I am now however trying to stream media to my PS3 from 1 PC. I was told to install PS3 Media Player and all would be well since both devices are connected to the same ISP. Well PS Media Player would not detect the PS3. I've tried all sorts of methods including Tversity, WMP11, hooking a router to my PC, etc..

So after talikng to Linksys about setting up a router without an incoming physical "Internet In" connection, it was decided my best bet would be to run a crossover cable from my PC to the PS3. After many headaches and manual IP settings the PC now passes internet from my PC Wireless USB adapter, out he NIC card I have bridged to the wireless adapter, through the Crossover Cable, and onto the PS3. I can connect to the internet from the PS3; browser, demos, whatever.

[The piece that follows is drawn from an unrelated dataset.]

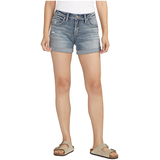 Silver Women's Boyfriend Mid Rise Curvy Fit Shorts Front_Flat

I can even see my PC uploading to the PS3 @500kbs via Bitmeter....So the PS3 is using the wired connection and has not revereted back to the working wifi adapter.

But can anyone make any suggestions on how I can now transfer files to my PS3? I can't get any of the Media Playes or even WMP11 to recognize the PS3.

These are the IP settings I'm currently using BTW:
----Wireless LAN adapter Wireless Network Connection 3:
Only incoming Connection from my ISP to PC:
Description . . . . . . . . . . . : Linksys Wireless-G USB Network Adapter #3
DHCP Enabled. . . . . . . . . . . : Yes
Autoconfiguration Enabled . . .: Yes
IPv4 Address. . . . . . . . . . . ..: 192.168.1.248(Preferred)
Subnet Mask . . . . . . . . . . . .: 255.255.255.0
Default Gateway . . . . . . . . . : 192.168.1.10
DHCP Server . . . . . . . . . . . ..: 192.168.1.10
DNS Servers . . . . . . . . . . . ..: 192.168.1.10
NetBIOS over Tcpip. . . . . . . . : Enabled

----PC NIC to PS3
IP: Address:.......................192.168.2.7
Subnet Mask: ......................255.255.255.0
Default Gateway: ................192.168.1.1
Preferred DNS: ....................192.168.1.1
Alternate DNS: ....................192.168.1.3

----PS3-
IP Address: .......................192.168.2.8
Subnet Mask: ......................255.255.255.0
Default Gateway: ................192.168.2.7
Preferred DNS: ....................192.168.1.10
Alternate DNS: ....................192.168.1.12

Maybe some settings are still off? These numbers are greek to me.

---------------------

Thanks A Lot!,
-SteveO..


----------



## -WOLF- (Jan 17, 2009)

*Re: PC to PS3 Crossover Connection Settings?*

This cannot be achieved, however, to transfer files to your PS3 simply put the data on a USB Flash Drive and insert it into the PS3.


----------



## stereosteveo (Oct 27, 2009)

*Re: PC to PS3 Crossover Connection Settings?*

Got it working via ICS. Both Internet and File Sharing:

Thanks for the guidance everyone.

Here's the thread/solution:
http://ps3mediaserver.org/forum/vie...834e8509d8c9b9f5092633de68af45&p=18881#p18881


----------